**Your goal:** All lines from the one that has "Lucande White Wall" onward to the end of the records below are to be returned exactly; pictures are to be skipped.
*** Given records ***
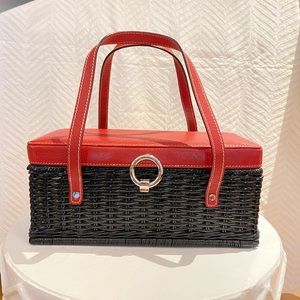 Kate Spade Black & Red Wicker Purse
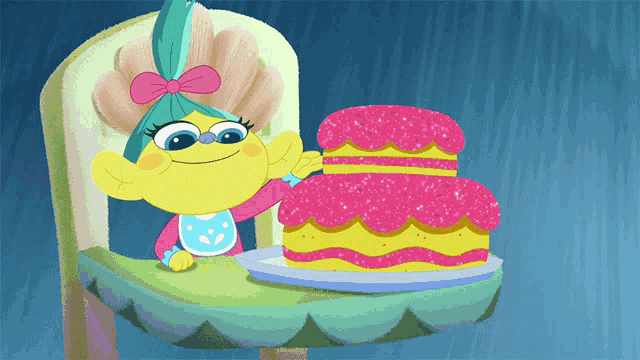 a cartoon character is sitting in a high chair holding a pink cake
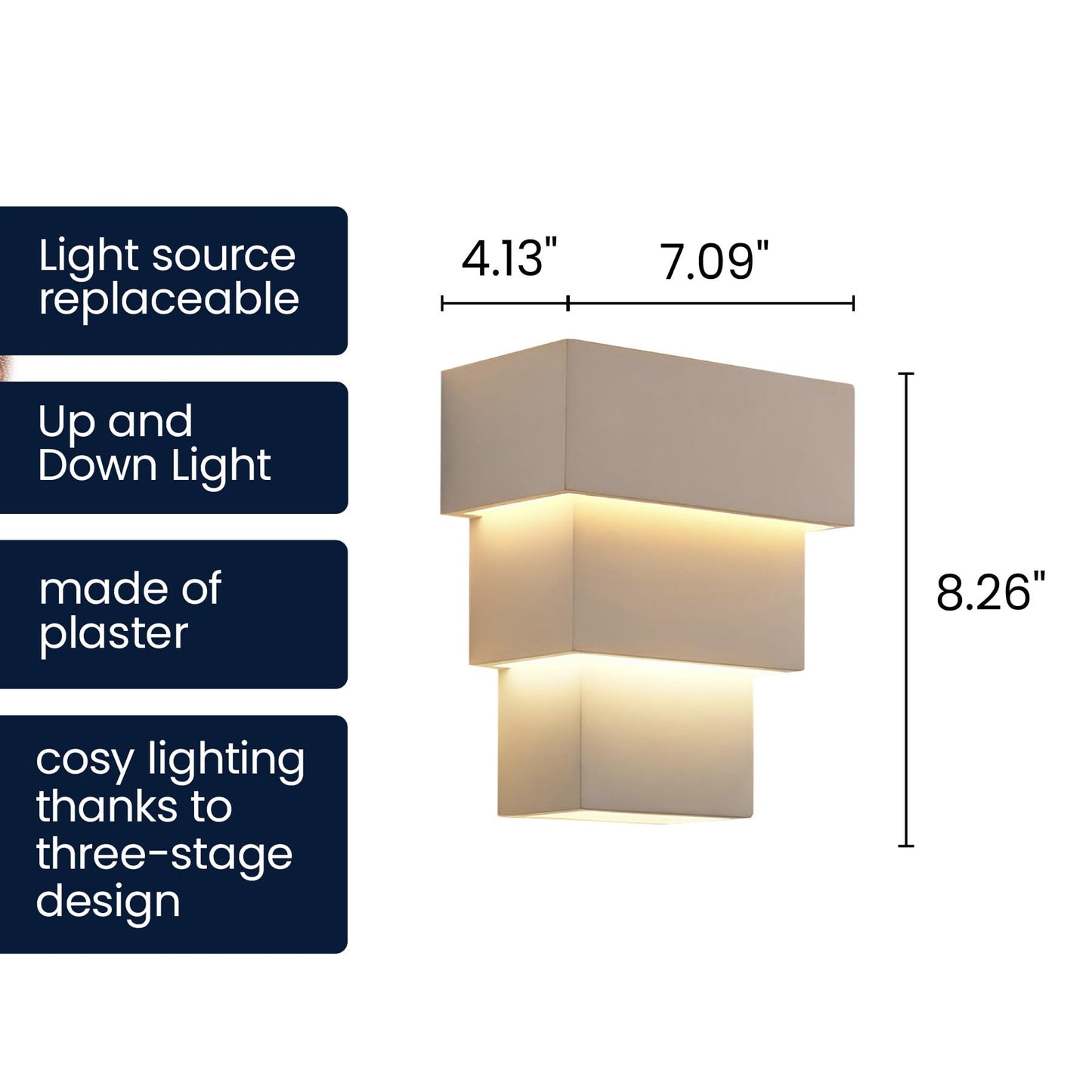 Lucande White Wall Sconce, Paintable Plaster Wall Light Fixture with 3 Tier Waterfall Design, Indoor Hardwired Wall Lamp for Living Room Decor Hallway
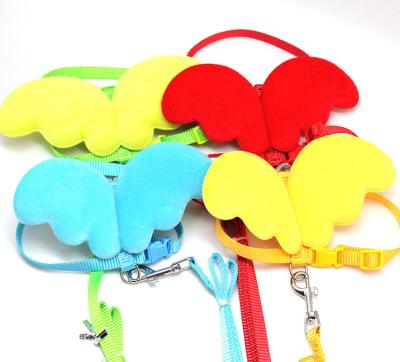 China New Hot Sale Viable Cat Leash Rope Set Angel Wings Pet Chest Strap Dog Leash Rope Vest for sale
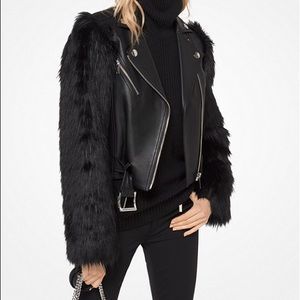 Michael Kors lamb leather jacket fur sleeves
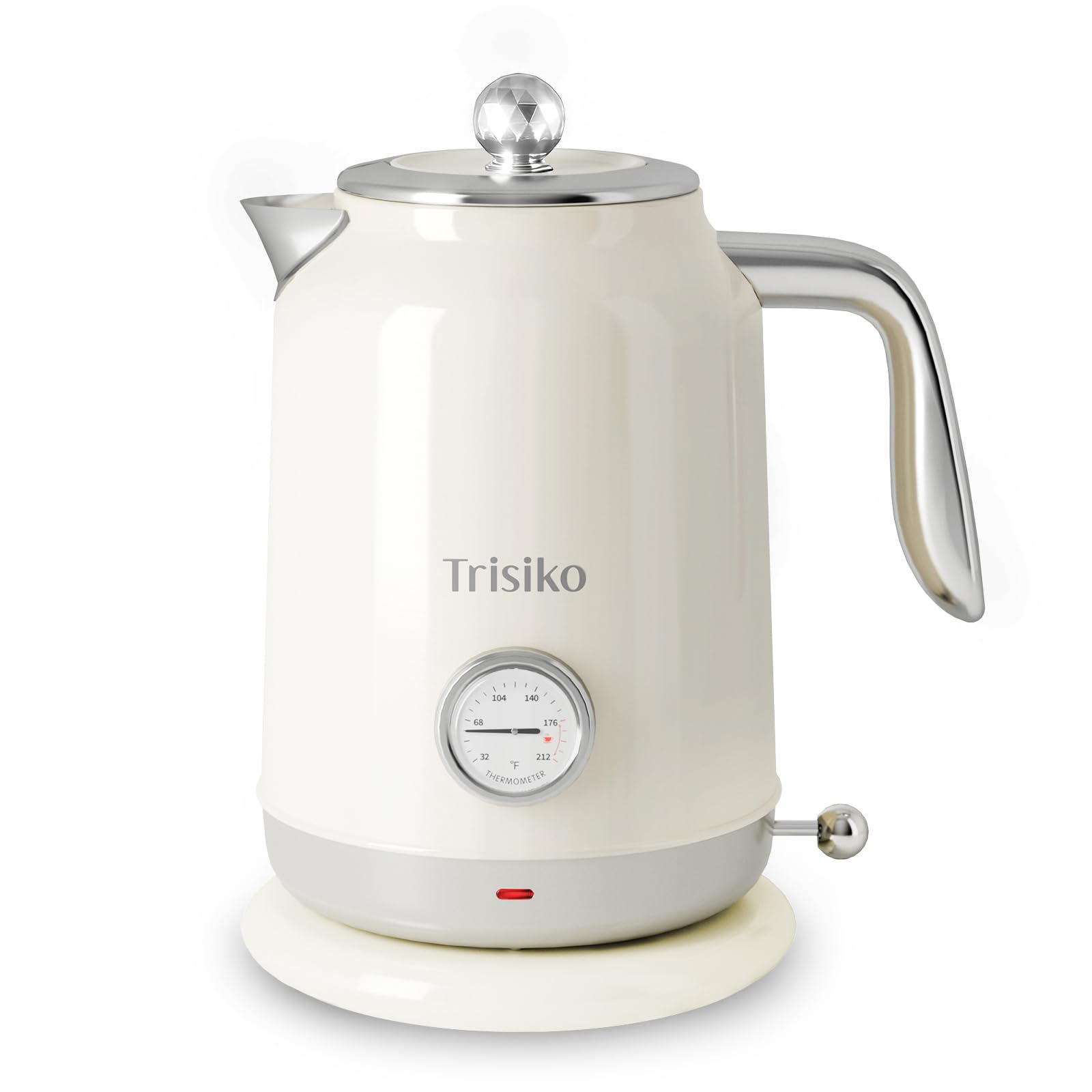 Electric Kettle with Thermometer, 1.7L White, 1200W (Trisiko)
*** End of Given records ***
**Answer to the exercise:**
 Lucande White Wall Sconce, Paintable Plaster Wall Light Fixture with 3 Tier Waterfall Design, Indoor Hardwired Wall Lamp for Living Room Decor Hallway
 China New Hot Sale Viable Cat Leash Rope Set Angel Wings Pet Chest Strap Dog Leash Rope Vest for sale
 Michael Kors lamb leather jacket fur sleeves
 Electric Kettle with Thermometer, 1.7L White, 1200W (Trisiko)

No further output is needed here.